Big and all as the garage was in Ballymacool with all the extensions they built, Mr Hegarty still had to store an overflow of vehicles out at his house in a makeshift compound. Sadly Mr Hegarty never lived long enough after his retirement in 1999 to see the development of the family business in the hands of the next generation to the present day premises at the mountain top.
Martha, even in retirement, keeps a watchful eye on the progression of Hegarty’s and also on Hegarty staff from the past and where they went around the world and the business they set up and locally keeps an eye on people that once worked with Hegarty’s that have set up business locally.
And you couldn’t get any more local than young Damien Daly who lived right next to Hegarty’s in Ballymacool, just one of the Daly boys that worked in the pumps. Young Damien remembers starting on the petrol pumps when he was going to St. Eunan’s College and talked about him proudly celebrating his first decade in a business partnership with Kernan’s group which have brought three local business into the group in Letterkenny at Old Town, the foot of the town and Tullygay, one of which Coyle’s old shop being the place that Hugo Coyle who put in a word for Martha to get her start in Hegarty’s once owned.

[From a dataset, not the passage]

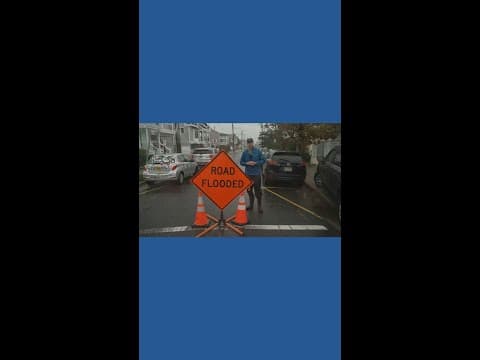 Nor'easter pounds East Coast with coastal flooding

Martha chatted about Mr. Hegarty who in his later years took an interest in Gaelic Football and would head to Donegal matches with Martha’s husband Colm,
At one match he spotted one of the young Daly’s, Damien, lining out for Donegal. Martha’s husband recalls Andy down and around the fence to where Damien was playing and there was Andy encouraging the young footballer to get stuck in – which would nearly be the opposite to what he would be advising the young neighbour boys to do when they would be blasting the ball out of their garden and on to the bonnet of a line of cars on show.